TPT ditangkap di di kantornya di kawasan Jakarta Barat bersama BER sekretaris direktur PT APL sebagai perantara, di rumahnya di daerah Rawamangun Jakarta Timur.
GER adalah perantara untuk memberikan uang atau hadiah untuk penyelengara negara yang mewakilinya terkait pembahasan Raperda tentang Rencana Zonasi Wilayah Pesisir dan Pulau-Pulau Kecil Provinsi Jakarta 2015-2035 dan Raperda tentang Rencana Kawasan Tata Ruang Kawasan Strategis Pantai Jakarta Utara.
KPK menyita barang bukti uang sebesar Rp1,14 miliar yang merupakan pemberian kedua kepada MSN. Pemberian pertama Rp1 miliar diserahkan pada 28 Maret.

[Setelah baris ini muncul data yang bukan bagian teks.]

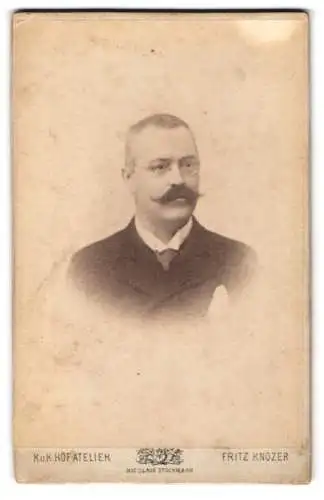 Fotografie Fritz Knozer, Wien, Mayerhofgasse 8, Porträt eines Herrn mit Schnurrbart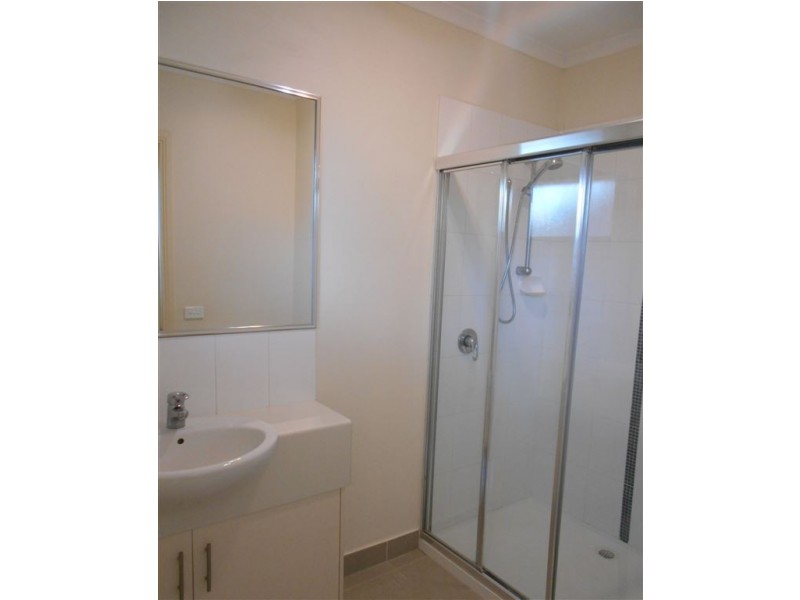 2/28 Heath Avenue, Oakleigh VIC 3166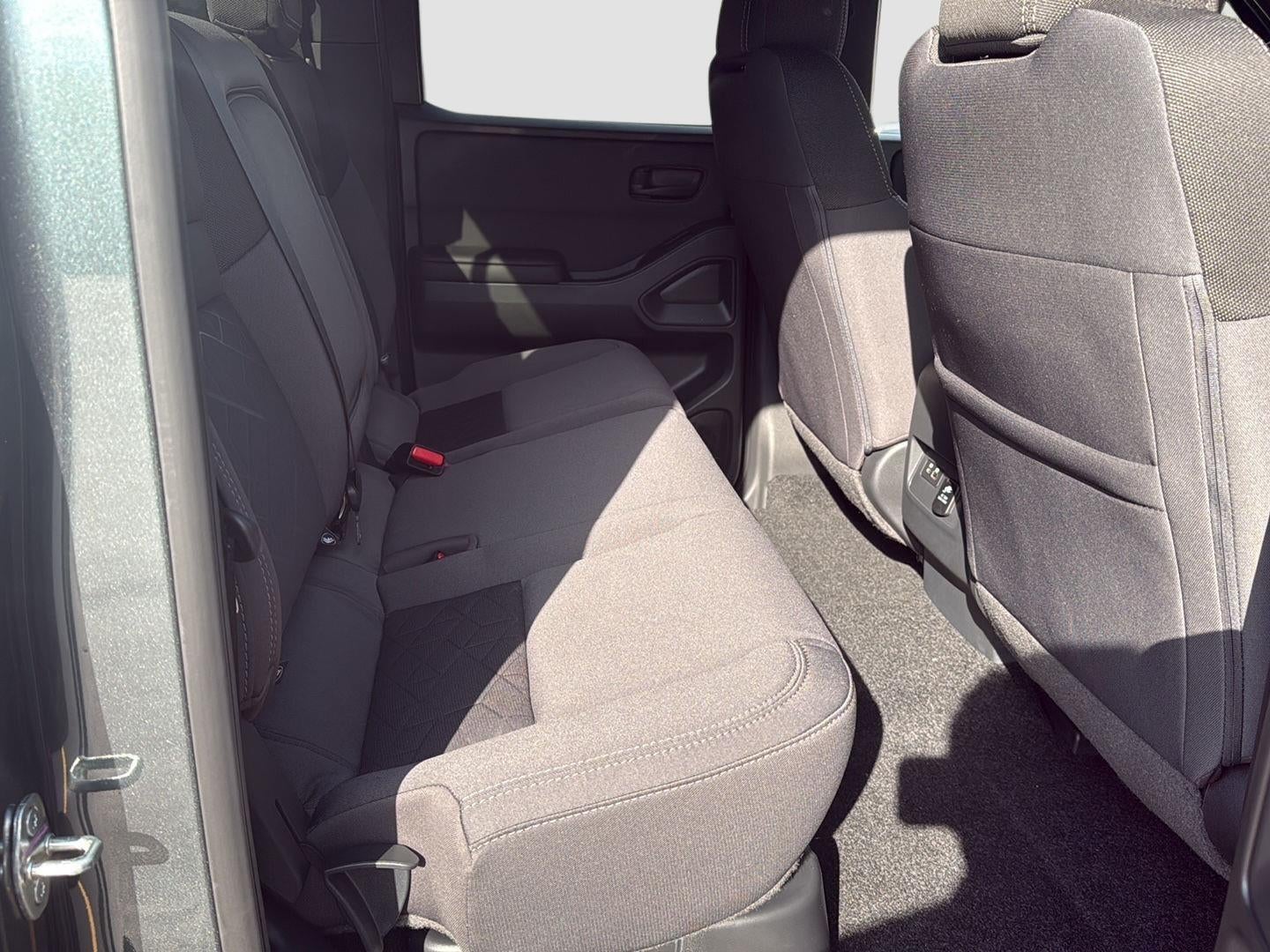 2027 Nissan Frontier Crew Cab SV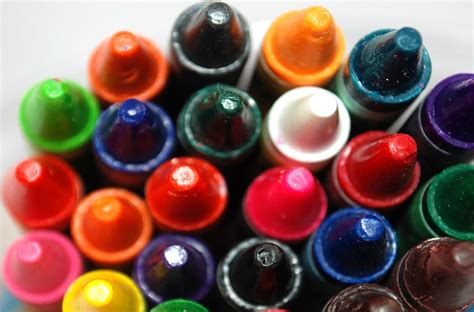 Red, yellow, blue, green, black, white, brown, orange, purple, pink and grey. EduPic Images of Multiple Colors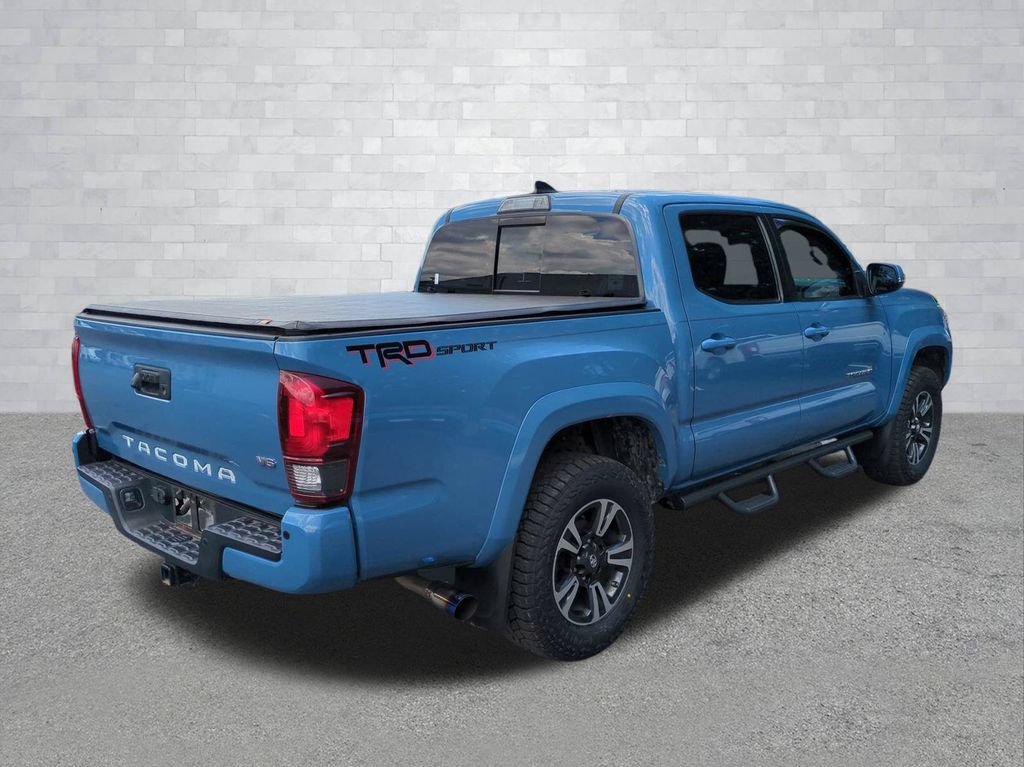 Used 2019 Toyota Tacoma TRD Sport RWD image 5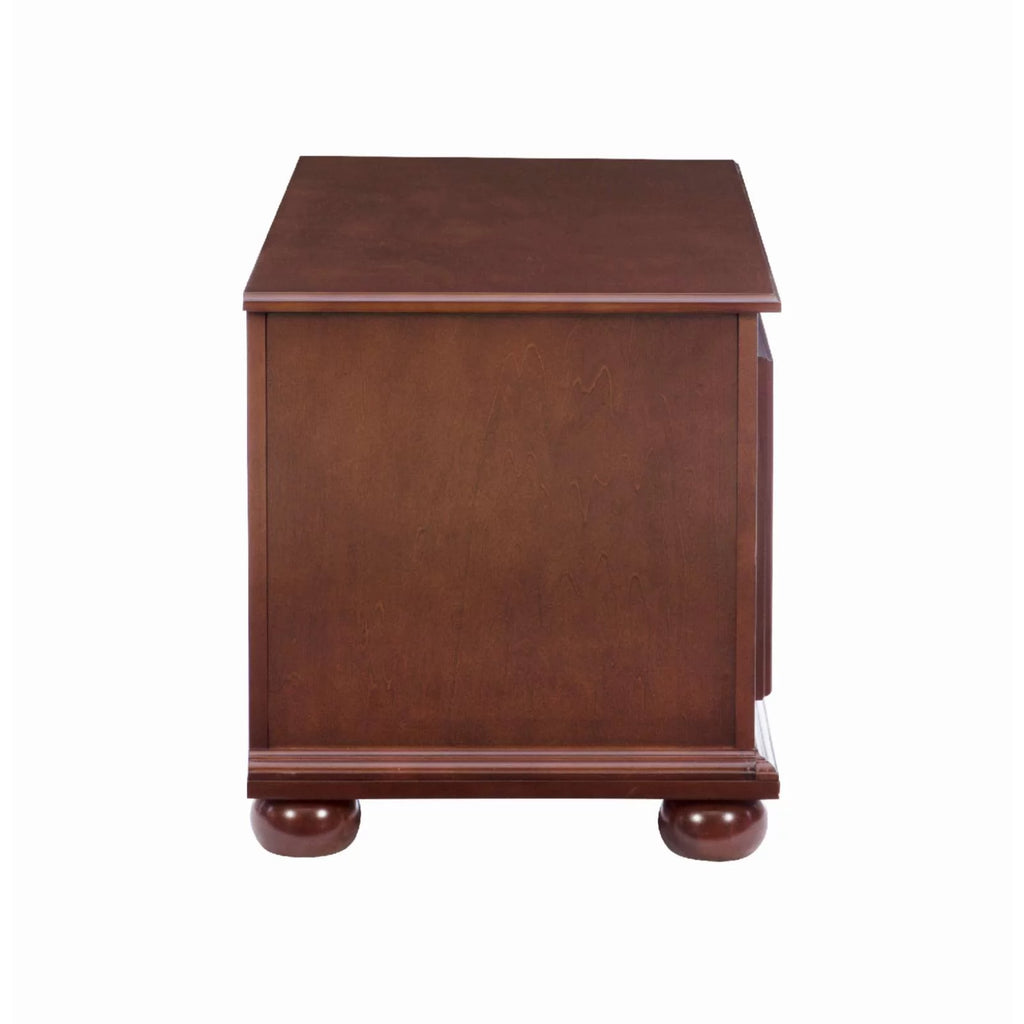 Traditional Cedar Storage Chest, Rich Cherry Finish V80481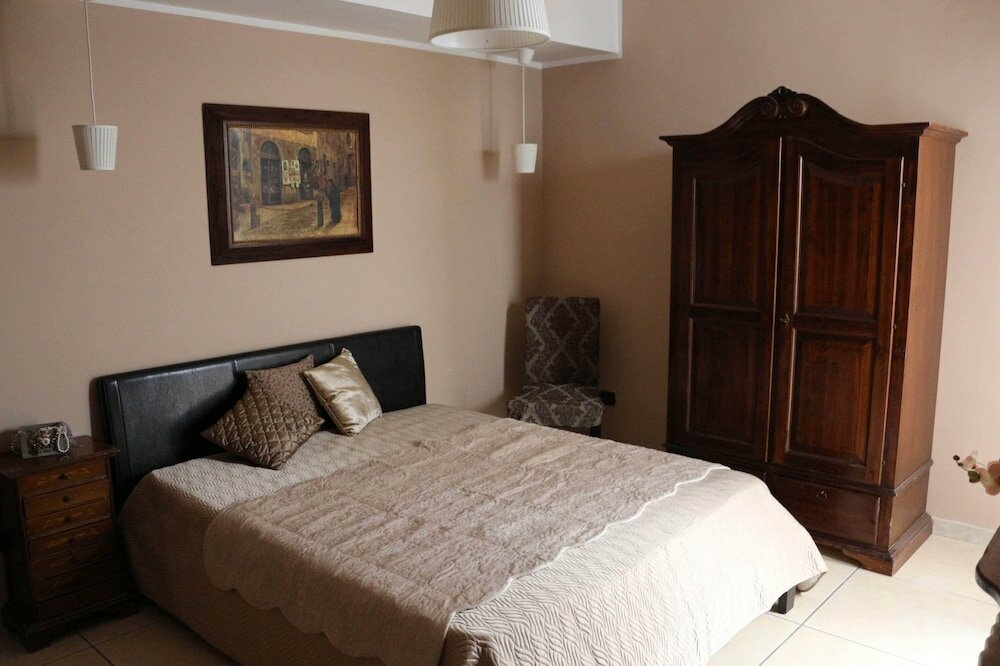 Фото Ohana Bed and Breakfast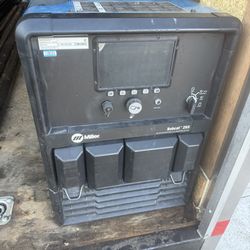 Miller Bobcat 265 ONLY 500 HRS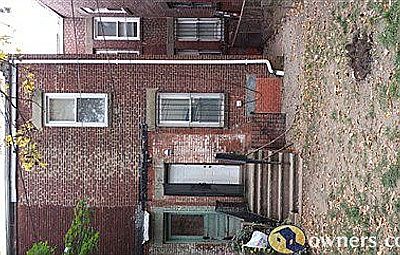 4th image of 244 6th Ave W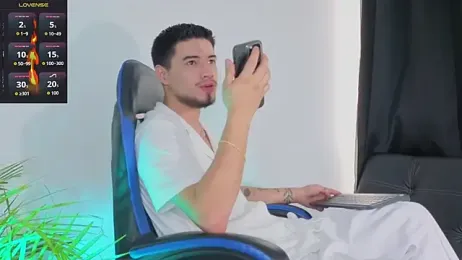 EdwardRoss_ webcam model stream image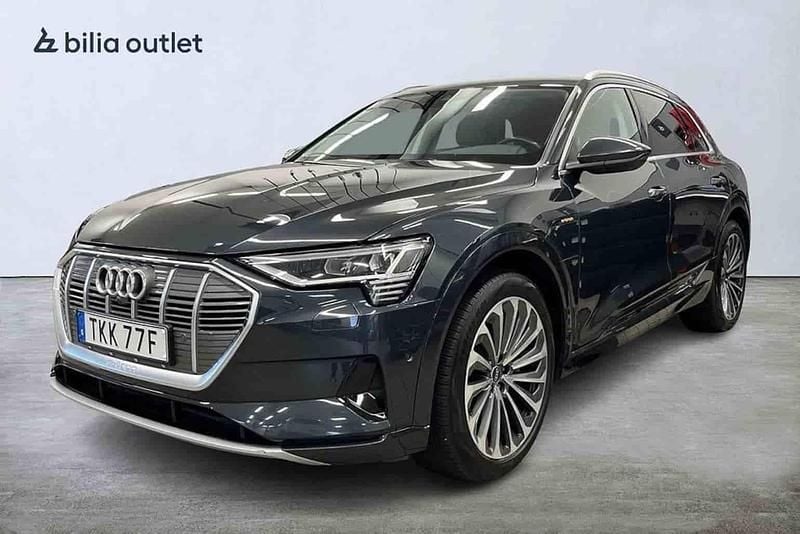 Grå Begagnad 2022 Audi e-tron SUV | 349 900 kr (Marknadspris) - Bild 1/1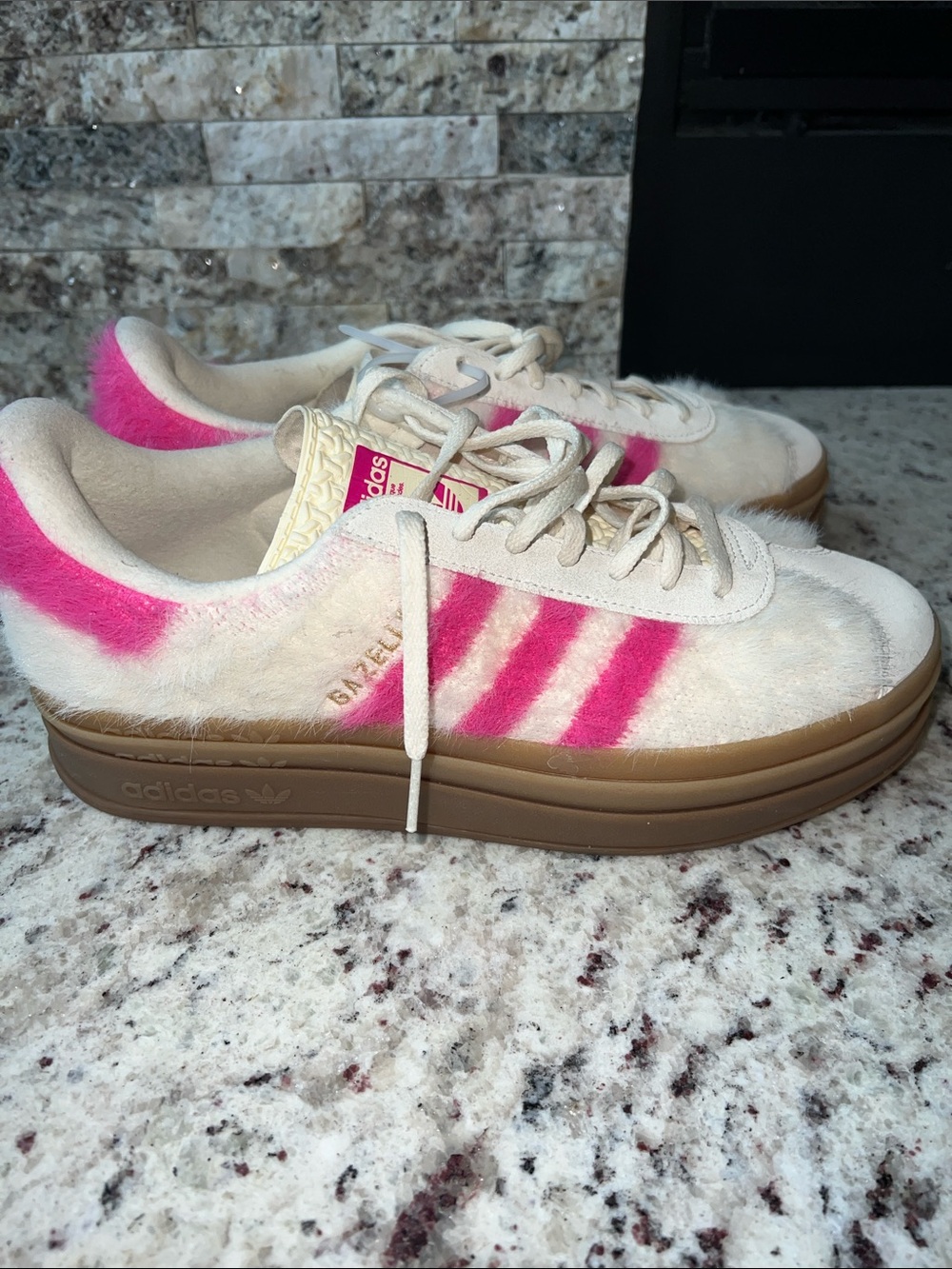 GAZELLE BOLD SHOES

Pernyataan Basuki itu disampaikannya secara langsung terkait penangkapan Mohamad Sanusi.
"Dengan adanya LHKPN, masyarakat bisa mengetahui gaya hidup dan jumlah harta milik pejabat, baik sebelum, selama menjabat, maupun setelah akhir jabatan," katanya.
"Dari dulu saya selalu tegaskan, kalau mau jadi pejabat, ya harus lapor LHKPN. Setelah lapor LHKPN, buktikan berapa pajak yang dibayar. Penghasilan pejabat juga bisa dicek disitu (LHKPN)," ujar Ahok.
"Saya tidak tahu soal itu (OTT), baru tahu di berita saja. Saya tahunya dia (Sanusi) hidup mewah. Jam tangannya miliaran, mobilnya miliaran. Saya tidak tahu. Mungkin dia orang kaya," ucap Ahok.